The next time investors open their quarterly brokerage statements, they may not recognize what they see. That would be a good thing. Thanks to a timely combination of new technology and customer and regulatory pressures, many Wall Street firms are giving their client account performance reports a much-needed makeover.

“We are finally at a point where the technology can meet the wants and needs of the client at the scale that is required by most firms with multiple programs,” says Joseph Mrak, general manager of business process outsourcer Bisys WealthSolutions Group and a longtime performance-reporting expert. “Add client and adviser demands to the mix -- and the feverish regulatory environment -- and everybody is finally getting what they’ve wanted for years.”

Fidelity Investments, Morgan Keegan & Co., Merrill Lynch & Co. and UBS are among the firms undertaking performance-reporting projects.

Much of the drive to rethink the performance report comes courtesy of regulations such as Sarbanes-Oxley that are forcing the streamlining of business processes to facilitate quarterly reporting. That, in turn, has prompted firms to upgrade multiple systems and databases deployed across different business units, either by linking them through such technologies as Web services and service-oriented architectures, or by simply replacing them with one standard platform. Either way, performance reports are processed faster.

Scott Graflund, managing director of ultra-high-net-worth operations and global wealth management client reporting at Morgan Stanley, notes that firms are trying to integrate better what they are required to submit to regulators -- a month-end statement of positions, transactions and balances -- with what’s actually useful to clients in understanding their account performance. “Customer demand is higher than it has ever been.
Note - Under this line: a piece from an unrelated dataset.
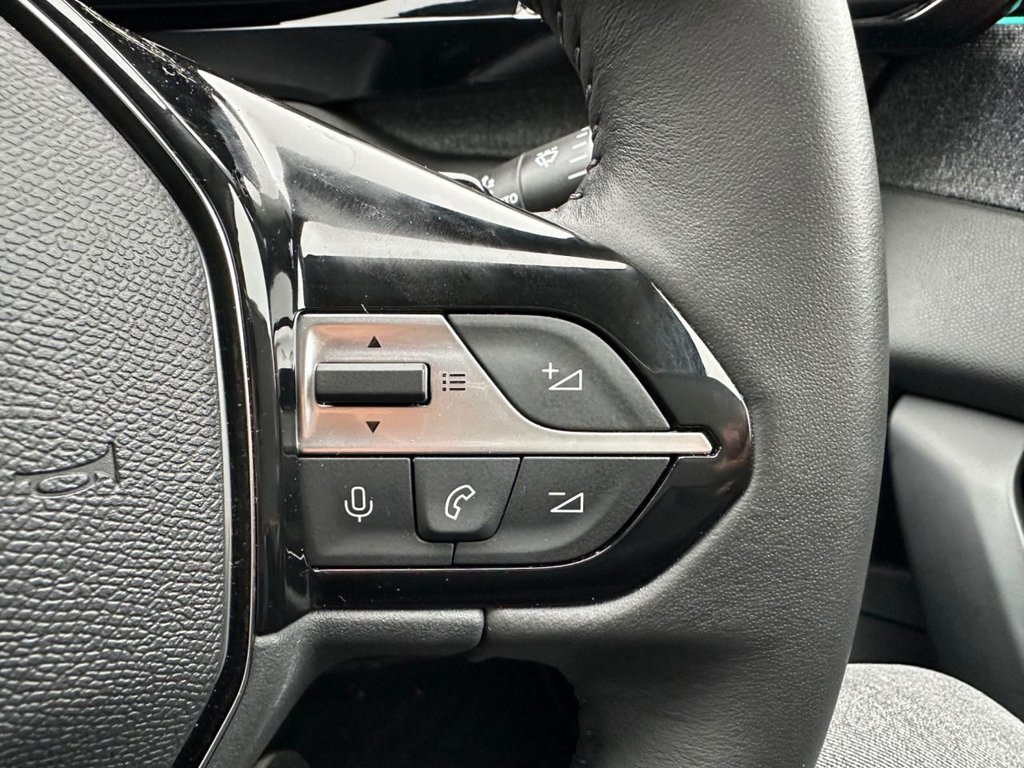 Used Peugeot 408 2023 for sale - 77976406: Photo 23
What used to be a ‘nice to have,’ is now the ante just to be in the game,” he says. Morgan Stanley is not giving everything to everybody, Graflund emphasizes; instead, the average client will benefit from the developments for the top-end customers. “It’s a trickle-down of innovation,” he says.
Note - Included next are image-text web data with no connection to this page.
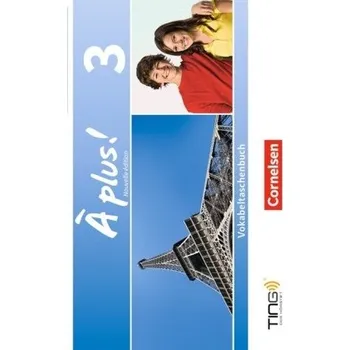 Cizojazyčná kniha Vokabeltaschenbuch - Prinz, Nadja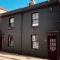PopHaus Central Brighton - Glam Pad by the Station
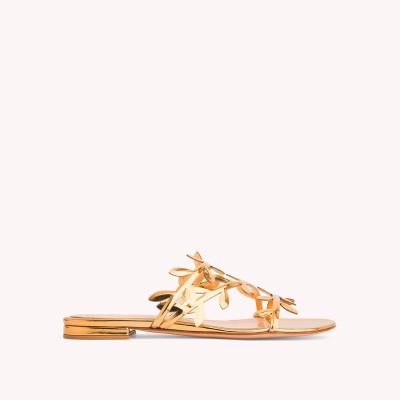 Gianvito Rossi（ジャンヴィト ロッシ） | サンダル・スニーカー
Better performance reporting is increasingly a necessity in an age when multi-asset-class portfolios and complex alternative investments such as derivatives, futures, private equity and hedge funds are becoming the rule, not the exception, at least for high-end clients. “The days of selling what you manufacture are over. That’s changing client reporting needs,” Graflund says.
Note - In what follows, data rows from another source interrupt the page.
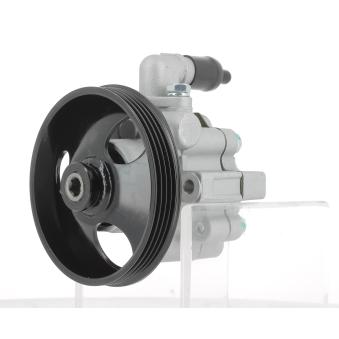 Pompe hydraulique, direction CEVAM [135229]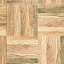 Parquet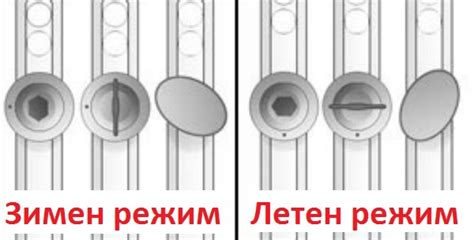 Имате ли алуминиева дограма? Тогава четете внимателно: тези ДВЕ неща ...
Meanwhile, as investors embrace financial planning, they are demanding reports that accurately capture their entire portfolios -- including assets held at outside firms -- and clearly reflect a firm’s approach to financial planning. “The shift toward financial planning is making reporting the scorecard for the plan,” says Graflund. Vast data warehouses have made much of this technically feasible, seamlessly linking disparate sets of data on assets held at multiple institutions. That allows firms to link to “connectivity hubs” such as Rockville, Marylandbased Lydian Wealth Management, Private Client Resources in Wilton, Connecticut, and WealthTouch in Denver, which use standard protocols to provide information on client holdings at other organizations.

Joseph Nadreau, director of client strategy for Wachovia Securities, says his firm’s client investment analysis program, Envision, is at the heart of its future plans for its performance reports. Wachovia’s 8,000 advisers have put together 150,000 plans for clients over the past two years, Nadreau notes. As a result of the move to fee-based accounts, the firm decided to take a different tack with benchmarking, which typically involves comparing a client’s portfolio to a broad benchmark like the Standard & Poor’s 500 index. Wachovia has plans to launch supplementary benchmarks that track the client’s progress toward such goals as education savings, retirement income and estate and legacy targets.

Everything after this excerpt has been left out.